Shares have been in a bear market for years. We just haven't noticed until nowby Edward Chancellor / August 31, 2008 / Leave a comment
Bear markets are naturally unpopular: people dislike seeing their investments go up in smoke. They are also misunderstood. It is commonly believed that bear markets are short-lived, ending after a few unpleasant months. That’s true of little bears, but great bears can hang around for a decade or more. They are characterised by the savage crushing of investors’ hopes. Most commentators argue that British and US investors hadn’t until very recently experienced such a market for more than quarter of a century. Actually, we are already some years into one.
A bear market is classically defined as occurring when a stock market index declines by 20 per cent or more from its previous peak. If you take this narrow measure, America and many other major markets recently entered a bear market—the US in early July. Yet this accepted definition is misleading—applying only to little bears and not their much more terrifying great bear kin. Andrew Smithers of research firm Smithers & Company argues that “bull” markets should be seen as periods when stocks become ever more expensive. By contrast, bear markets are when stocks become progressively cheaper. Since 1900, the US stock market has peaked in value five times. The period between the peak and trough—the great bear market—lasts on average 12 years, says Smithers.
During these quarter-century cycles, there are many times when share prices have oscillated by more than 20 per cent from their prevailing trend—whether up or down. But these little bears are just blips in longer market trends. For instance, US equities fell 27 per cent during the so-called “Kennedy break” of 1962. But this only momentarily interrupted the long bull market that ran nearly two decades from 1949. Nor did the crash of October 1987 usher in a great bear market. After surviving several assaults, the long bull run that commenced in August 1982 finally expired in early 2000.

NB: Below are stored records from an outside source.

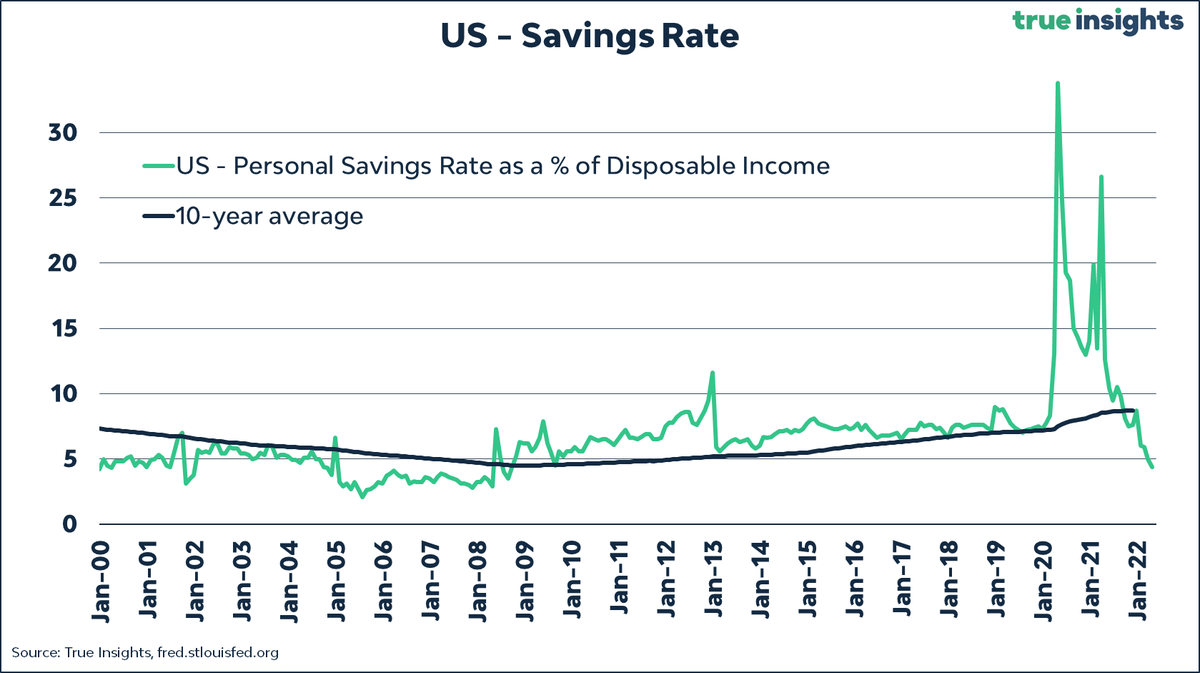 jsblokland's tweet photo. US Personal Income rose less than expected
US Personal Spending rose more than expected
US real wage growth is deeply negative

How can this be?
US consumers are depleting their savings at warp speed. Savings ratio down to 4.4%, the lowest level since 2008.

NOT sustainable. https://t.co/4FMKGHF7Id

The grim downward progress of the great bear is invariably interrupted by rallies. These may be brief, such as the classic “sucker’s rally” which occurred after the Federal Reserve bailed out Wall Street in March 2008. Or they can last years. For instance, the great US bear market of 1968 to 1982 was punctuated by a big rally between 1971 and 1972 when investors became infatuated with the “nifty fifty”—a select group of American companies, such as Polaroid and Coca-Cola, that were thought to have superior growth characteristics. But with the passage of time, we are able to discern a single great bear market lasting nearly 14 years rather than a series of mini bull and bear runs.
When the technology bubble burst in March 2000, US stock prices were more expensive than at any time in history. The bursting of the tech bubble marked the advent of another great bear market. As with the “nifty fifty,” there was a rally starting in late 2002 as Alan Greenspan at the Fed flooded the financial markets with cheap debt. The S&P 500 index even reached a new high last year despite the sub-prime debacle and the emergence of a full-blown credit crunch. Yet history is likely to judge this rebound as yet another bear rally.

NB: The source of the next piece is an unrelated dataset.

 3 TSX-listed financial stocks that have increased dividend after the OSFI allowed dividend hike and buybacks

Great bear markets have common features. They start at moments of extreme valuation—the collapse of Japan’s bubble economy in 1990 occurred after a period where the prices of shares and land reached crazy levels. At one point, the Imperial Palace in Tokyo was purportedly worth more than all the real estate in California. The peaks of great bull markets are also characterised by a belief in new eras and the ability of the authorities to deliver perpetual economic growth and stable consumer prices. During bear markets, this faith evaporates and is replaced by growing mistrust.

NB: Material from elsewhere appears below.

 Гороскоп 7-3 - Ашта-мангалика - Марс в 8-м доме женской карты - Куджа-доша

Stocks tend to become seriously undervalued when consumer prices become unstable, undermining faith in paper financial assets. Deflation drove US stocks to their troughs in 1921 and 1932, and fear of deflation produced another low ebb in 1949. In the 1970s it was inflation that was the enemy. Great bears often have an international dimension. The whole world was in depression in the early 1930s. The US stock market collapse of 1974 was accompanied by the failure of Germany’s Herstatt Bank, Britain’s secondary banking crisis and Opec pushing up the global price of oil.
So what marks the end of a bear market? Investors are naturally emboldened by an end of any financial crisis. Most important are signs that the authorities have succeeded in their battle against either inflation or deflation. Paul Volcker’s defeat of inflation was the prelude to the bull market that started in 1982.
Our current bear is little more than eight years old. That’s roughly two thirds of the lifespan of the average great bear market. Until recently, there had been no disturbance to consumer prices to drive equities down to low valuations. That is no longer the case. Following the credit crunch and the subsequent cut in US interest rates, there are two opposing threats to price stability. On the one hand, there is a risk of deflation following the loss of nearly half a trillion dollars worth of bank capital around the world—with more to come. On the other hand, there is danger of inflation, which recently drove oil to around $145 a barrel (although it has fallen recently). As for valuations, according to Robert Shiller at Yale, US stocks remain overvalued at roughly 40 per cent above their long-term average. In 1982 they had been trading at below their long-term average for eight years. If history repeats itself, valuations will have to fall a long way before this great bear slopes off.